The pattern is consistent across ecosystems. In our own research across dozens of major AI/ML repositories, acceptance rates dropped while AI-related PR mentions surged. A maintainer who used to receive five PRs a week now receives thirty. Even if the same five good ones are in there, finding them takes six times longer.
Most of the low-quality contributions aren’t malicious, just shallow. A fix that works for the exact case in the bug report but breaks the invariant it was supposed to maintain. A refactoring that applies a pattern from one codebase without understanding why the target does things differently. Code that passes the test suite because the tests don’t cover the edge cases the maintainer knows about. Plenty of AI-assisted PRs are solid work, but maintainers can’t tell which are which without spending the same review time on each one. The traditional open-source on-ramp (start small, build trust, take on more) depends on maintainers being willing to look at contributions from unknowns. When the cost of looking goes up enough, that on-ramp closes. That’s the AI slop problem.
Maintainers already have an informal version of the solution. When they see a PR from an unfamiliar name, they click the profile, scan the contribution graph, check whether this person has contributed to projects they recognize. Good Egg automates that process by mining the contribution graph already in the GitHub API. Every data point is a decision a human maintainer already made (merge or reject). The tool aggregates those existing judgments into a structured score rather than making its own content-level evaluation. It doesn’t try to detect AI usage or flag tool choice. It looks at track record, which is tool-agnostic: a developer who uses AI tools effectively and gets PRs merged builds the same score as one who doesn’t. It answers one narrow question: is this person an established open-source contributor?
How Good Egg Works
Good Egg builds a weighted contribution graph from a user’s merged PRs and computes a trust score relative to a specific repository. Fetch data, build a graph, run a ranking algorithm, classify the result.
Data Collection
Via the GitHub GraphQL API, Good Egg fetches a user’s merged pull requests (up to 500) and metadata for each repository they’ve contributed to (star count, primary language, fork status, archived status). This typically takes 2-4 API calls per user.
Building the Graph
The core data structure is a bipartite directed graph. User nodes (user:{login}) connect to repository nodes (repo:{owner/name}) via weighted edges created by merged PRs. Reverse edges from repo to user at 0.3x the forward weight complete the graph. The graph for a typical contributor has 10-30 repository nodes. José Valim’s has over 90.
Each edge weight is recency_decay x repo_quality x edge_type_weight.
Recency decay uses a 180-day half-life. The formula is exp(-0.693 x days_ago / 180).
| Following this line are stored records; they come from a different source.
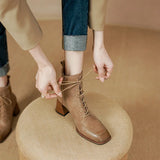 Amozae-Retro Leather Square Toe Chunky Heels Short Boots Women 2023 Autumn and Winter New Genuine Cow Leather Lace-up High-heeled Shoes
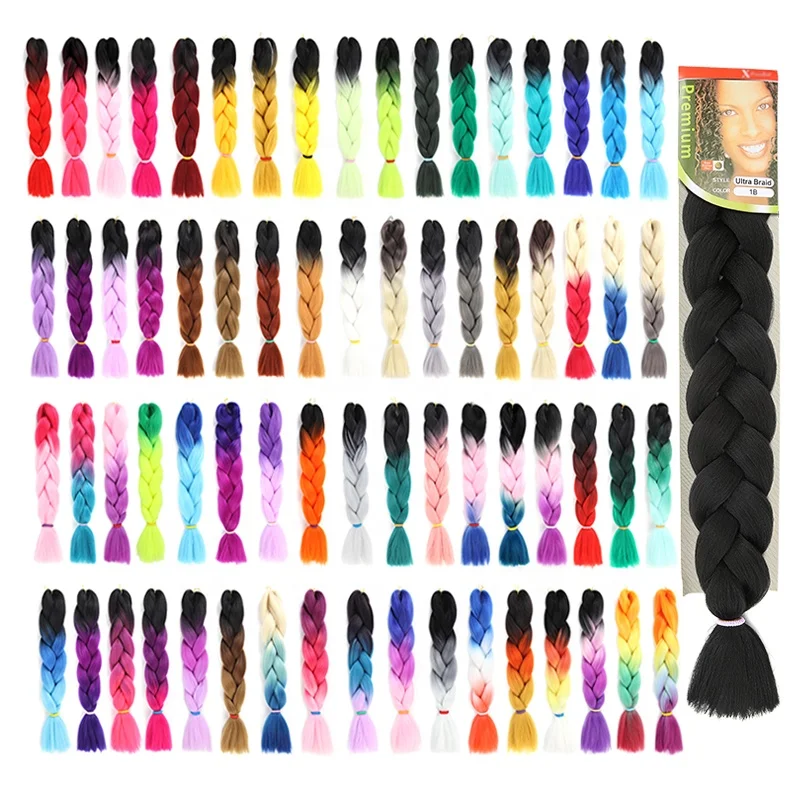 

Free Sample Hot Extension Wholesale for African Braids Ombre Kanekalons Expression Jumbo Hair Braid Synthetic Braiding Hair
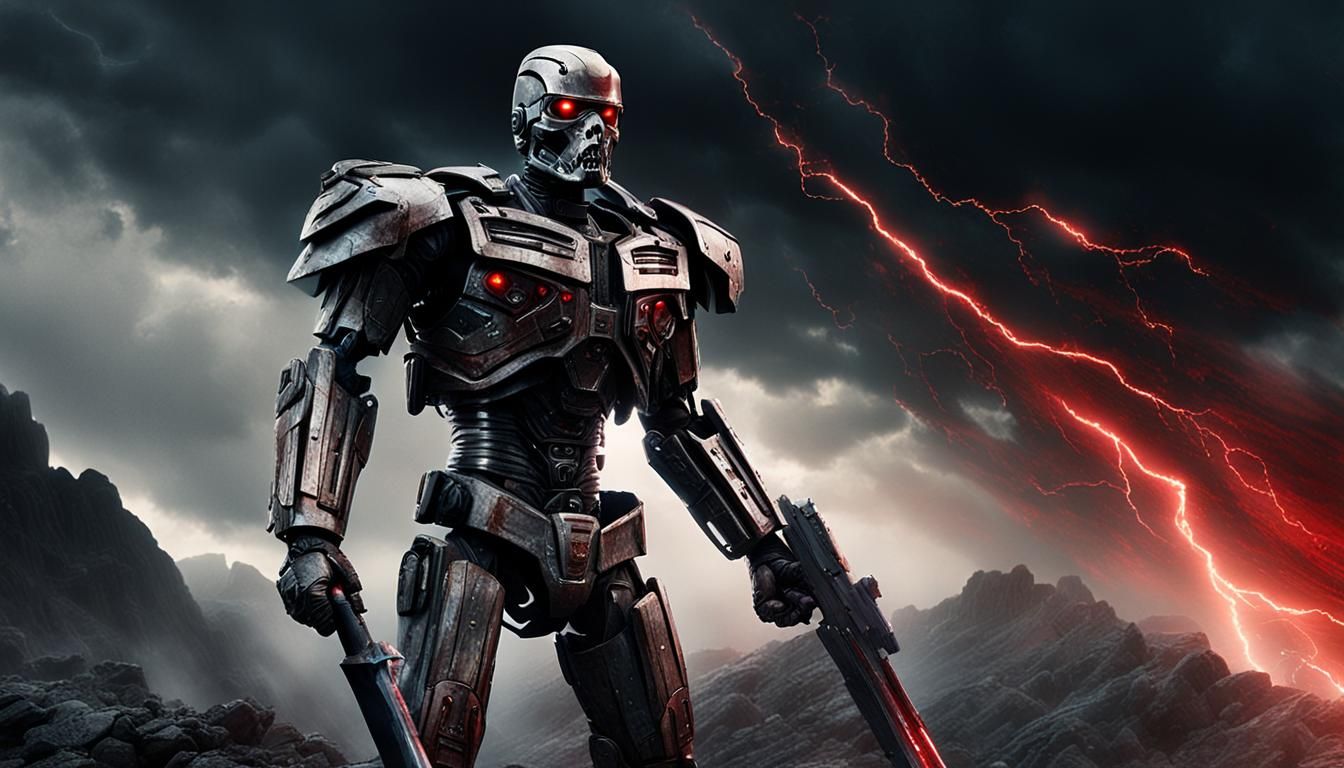 Terminator with Battle Axe in Storm, Digital Art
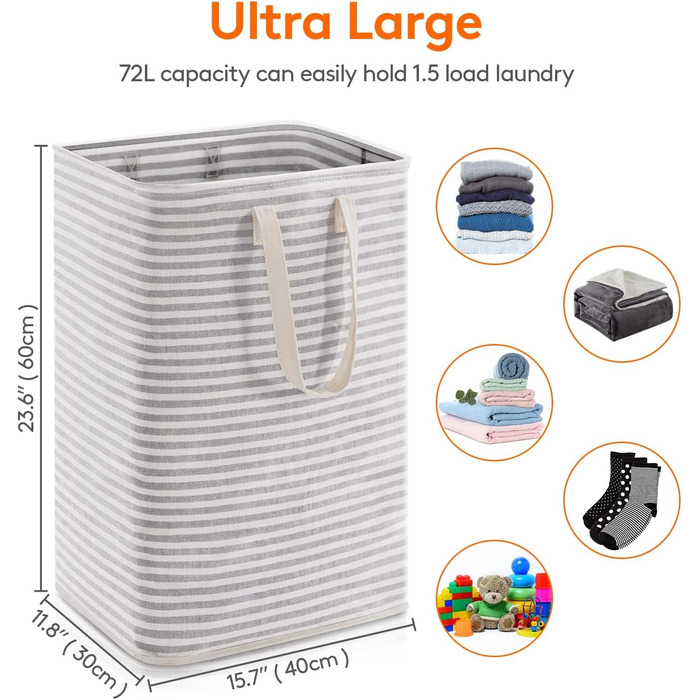 Корзина для сыпучего белья-органайзер с удлиненной ручкой, складной сборщик белья, корзина для хранения белья, портативный сортировщик белья для белья, одежды, одеял, подушек, корзин для белья, серый 75 л серый, 75L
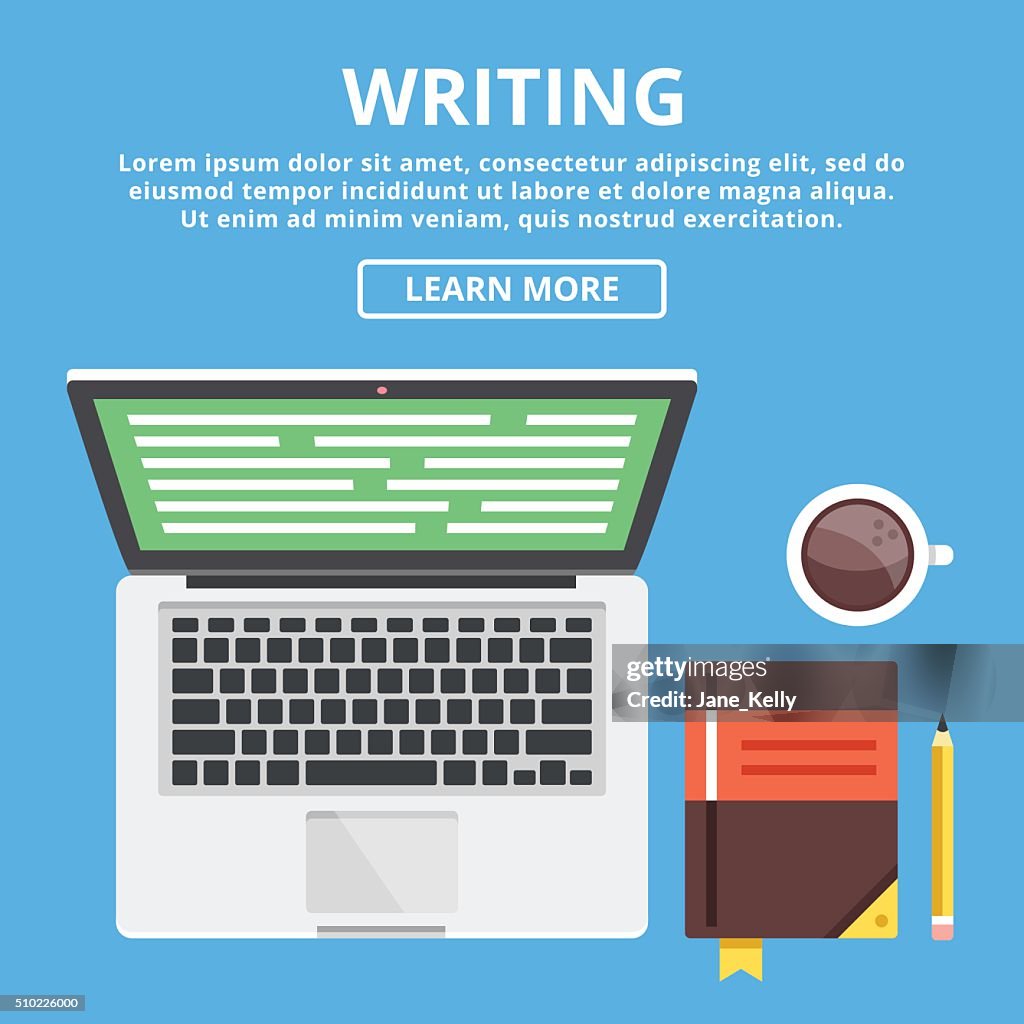Differnt Workspaces Writing Writing Flat Illustration Concept Workspace With Writers Equipment High ...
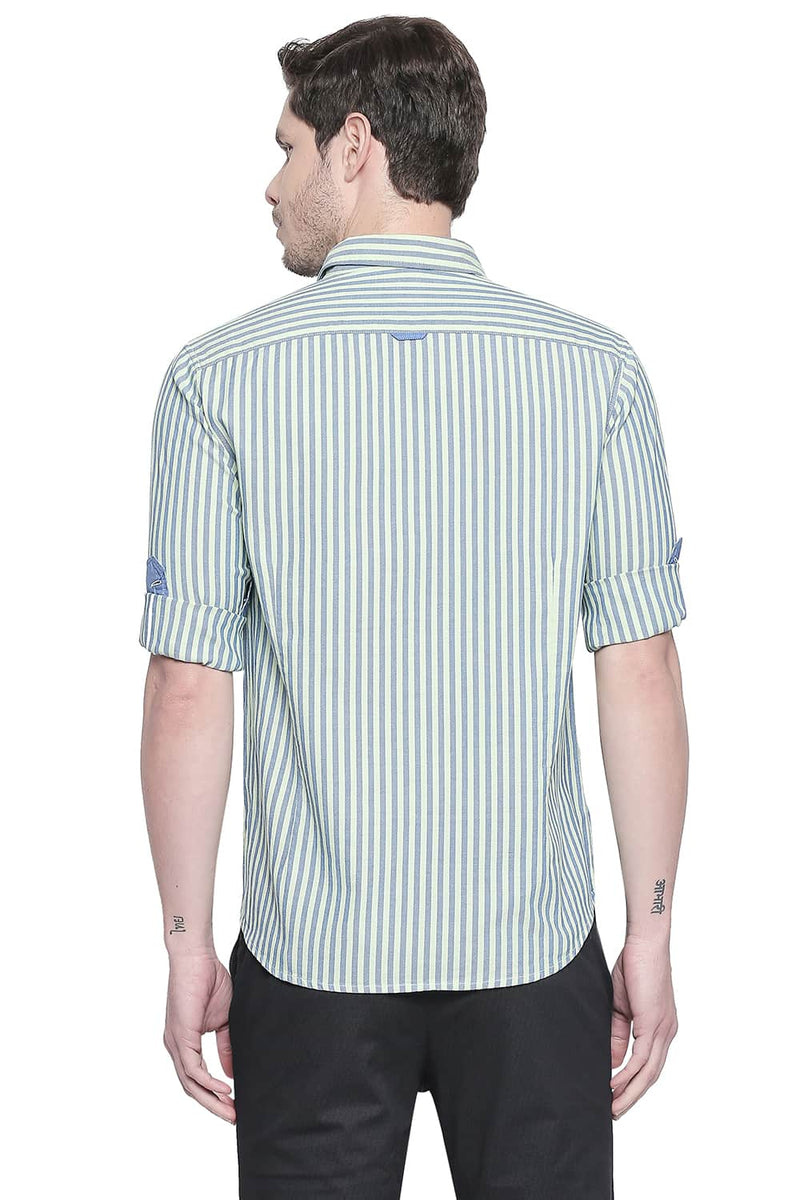 BASICS SLIM FIT ROYAL OXFORD STRIPES SHIRT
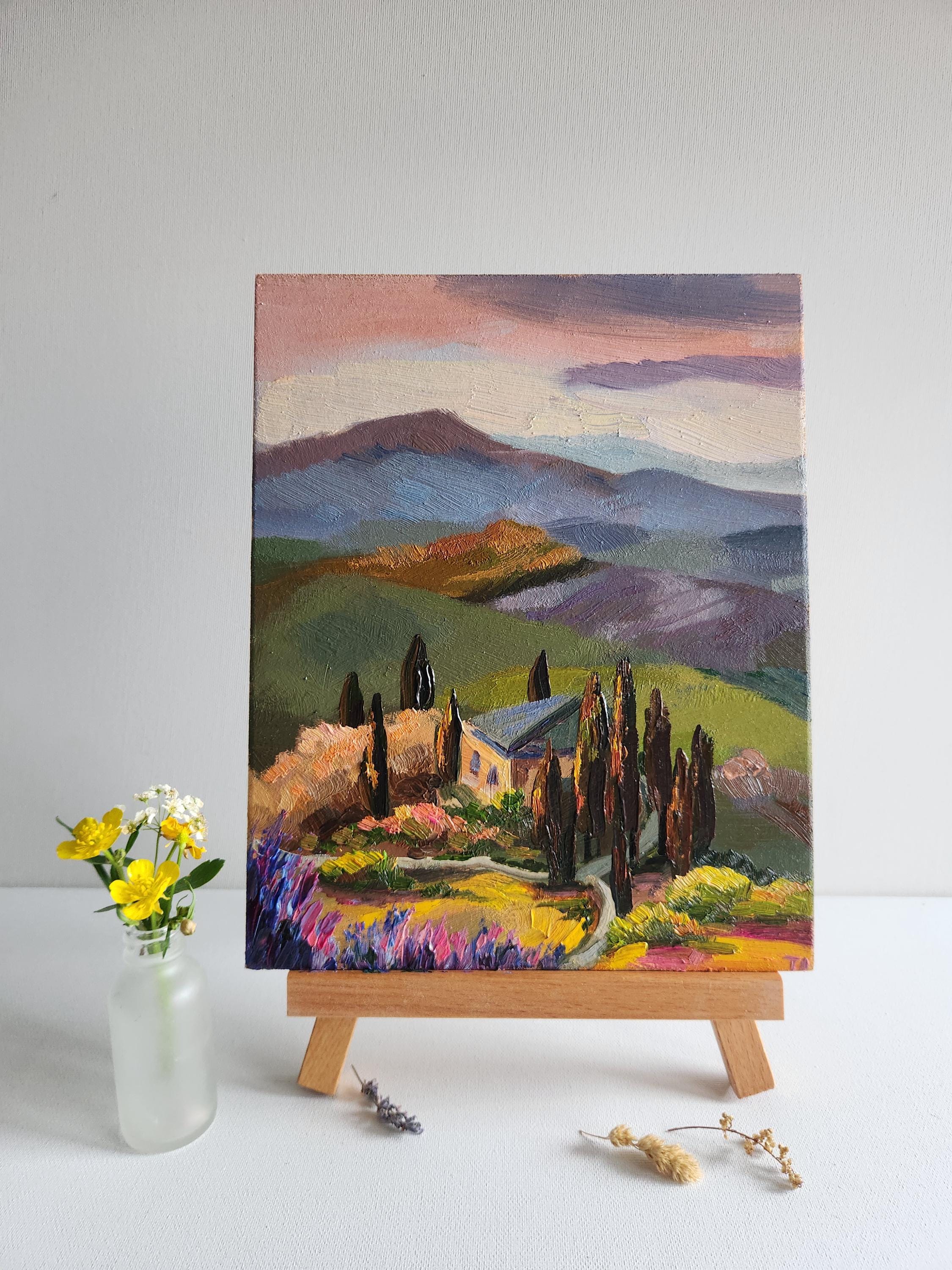 油絵トスカーナ風景 オリジナルのトスカーナ風景油絵：イタリアの田園風景の壁画 - Etsy 日本
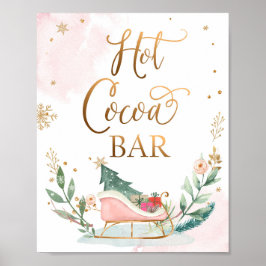 Hett Cocoa Pub Chocolate Sleigh Girl Birthday Sign Poster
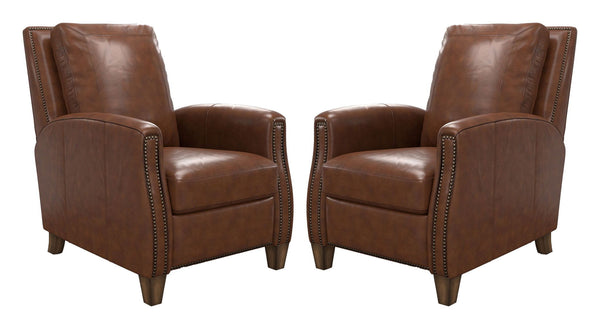Hunter - Manual Pushback Recliner Dark Brown 2 Pieces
Contributions older than 730 days are excluded entirely.
Repo quality is log1p(stars x language_multiplier), with penalties for archived repos (0.5x) and forks (0.3x). Star counts are normalized across ecosystems using a 28-language multiplier table ranging from 1.0x (JavaScript) to 5.96x (Nim), since a 1,000-star Rust library represents very different adoption than a 1,000-star JavaScript package. (v2 drops the language multiplier and uses raw star counts directly.)
Context-Specific Scoring
Scores depend on the target repository. A Python developer contributing to a Python project should score differently than the same developer contributing to a Rust project, which is why a Vercel founder can score MEDIUM against his own company’s repo (more on that below). The personalization vector biases the graph walk toward the context repo:
Anti-Gaming
PRs to your own repos are penalized at 0.3x (v1). No more than 20 PRs per repo are counted. Recency decay prevents old contribution padding from persisting. Low-star repos contribute less via the logarithmic quality curve. Forks don’t inherit the original’s star count.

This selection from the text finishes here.